When you’re contemplating bankruptcy, it is important to consider the whole picture and how different people in your life will be impacted. For many in this situation, their spouse is the person they worry about most. Will my spouse have to file for bankruptcy as well? Will their assets be seized? Can I file chapter 7 without my spouse? Will their credit score be affected? These are all questions you probably have if you’re considering bankruptcy. Let’s dive in and see if we can answer them.
Can I File for Bankruptcy Without My Spouse
The simple answer is yes, you can file for bankruptcy without your spouse. Any person can file for bankruptcy as an individual, including people who are married. However, your spouse will still have to be involved in the process, though to a limited degree. Your spouse will have to provide documentation, such as pay stubs and other financial documentation. This is because their income is still considered part of your household income, which will be used during your bankruptcy case. In most cases, this will be the limit of your spouse’s involvement in the bankruptcy case.

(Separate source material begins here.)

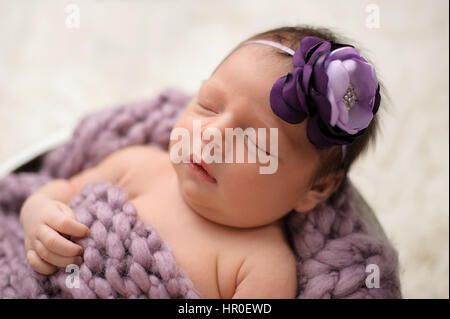 Neun Tage alten neugeborenen Mädchen schläft in einem Holzeimer. Sie trägt eine Stirnband Lavendel und lila Blume. Stockfoto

They will not have to attend any hearings or appointments, unless an issue comes up that requires knowledge only they have.
Filing Bankruptcy When Married
When it comes to filing for bankruptcy when married (and not separated), there are three possible scenarios. These are:
- One person in the marriage files for bankruptcy and the other does not.
- Each person in the marriage files for bankruptcy separately.
- Both people in the marriage file for bankruptcy together, called a joint filing.
In the first two of these scenarios, the bankruptcy operates in the same way as if a single person files for bankruptcy. The third scenario, a joint filing, works a little differently.
Joint Filing
When a married couple chooses to file jointly for bankruptcy, they act as one unit. They submit a single petition to the court. This petition lists all of their assets and debts combined. All of their eligible debts are then discharged through one bankruptcy proceeding. There are two major benefits to joint filing. These are:
- Cost Effective: As there is only one bankruptcy, only one filing fee is required. Additionally, legal fees are often lower than if you were to file two individual bankruptcy cases.
- Streamlined Process: Since all debts are dealt with in one proceeding, joint filing is often less complex than filing separately. This can make the process much shorter.
There are certain situations where joint filing is not advantageous. For example, if one spouse has substantial individual property they want to protect. You should consult with a bankruptcy attorney to decide which option is best for you.
Non-Filing Spouse Liability
Non-filing spouse liability refers to the fact that your non-filing spouse may still be liable for some of the debt you want to discharge through your bankruptcy. Most married couples have joint debt. This could be credit cards, mortgage, or any other debt they have taken on together. The non-filing spouse will still be legally obligated to make payments on these debts during the bankruptcy process. Additionally, only the filing spouse’s portion of a joint debt may be discharged by bankruptcy. This leaves the non-filing spouse still responsible to pay their portion of said debt.
Can Inheritance Be Protected from Chapter 7?
In Pennsylvania, it is possible to protect inheritance from chapter 7 bankruptcy. The first way is through an exemption. Pennsylvania provides a number of possible exemptions which can be used to protect inheritance. A bankruptcy attorney will be able to determine if your inheritance qualifies for one of these exemptions. The second way to protect inheritance is through something called the “180 day” rule. If an inheritance is accrued (ie. you have the right to it) within 180 days of filing for bankruptcy, it must be included as an estate of the estate. The filing must be amended to include the inheritance. However, if the inheritance is accrued after 180 days after filing, it does not have to be included in the bankruptcy since it is not part of the estate.
Divorce and Bankruptcy
Divorce can significantly affect bankruptcy. If a divorce occurs during a bankruptcy, the bankruptcy trustee is likely to be involved in the divorce as well. They will have a say in how assets are divided during the divorce. Alternatively, the bankruptcy court can freeze the division of assets until the bankruptcy case is resolved, dragging out the divorce process. In most cases, a bankruptcy will complicate a divorce and an experienced attorney should be consulted.